- [Available data]:
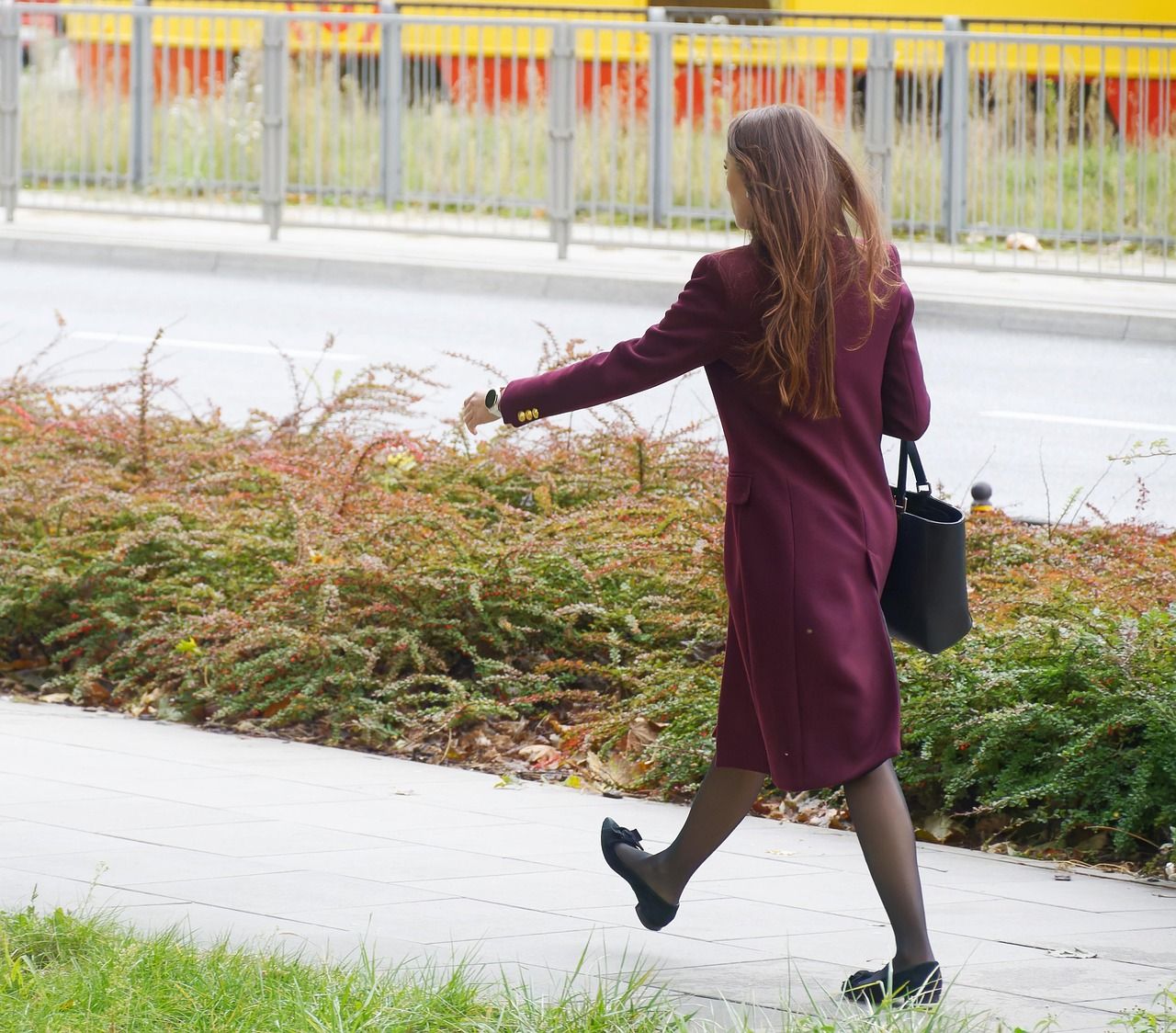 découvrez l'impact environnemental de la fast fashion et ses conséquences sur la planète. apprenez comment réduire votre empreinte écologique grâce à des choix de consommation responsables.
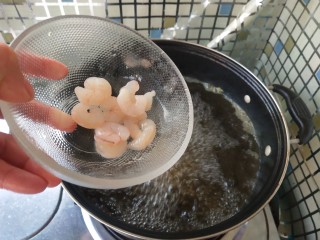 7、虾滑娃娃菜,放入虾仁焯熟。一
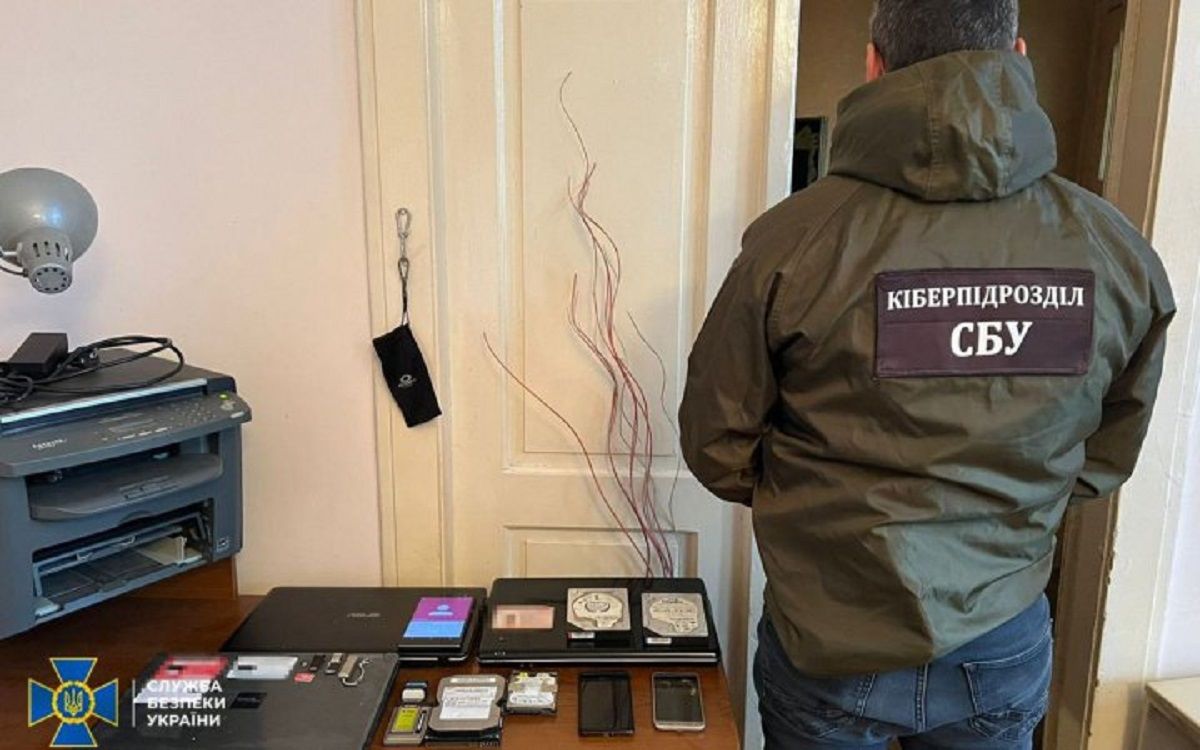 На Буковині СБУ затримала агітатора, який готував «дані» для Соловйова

- [Your instructions]: Print all the lines above exactly as they are, but without the pictures.

- [Solution]:
 découvrez l'impact environnemental de la fast fashion et ses conséquences sur la planète. apprenez comment réduire votre empreinte écologique grâce à des choix de consommation responsables.
 7、虾滑娃娃菜,放入虾仁焯熟。一
 На Буковині СБУ затримала агітатора, який готував «дані» для Соловйова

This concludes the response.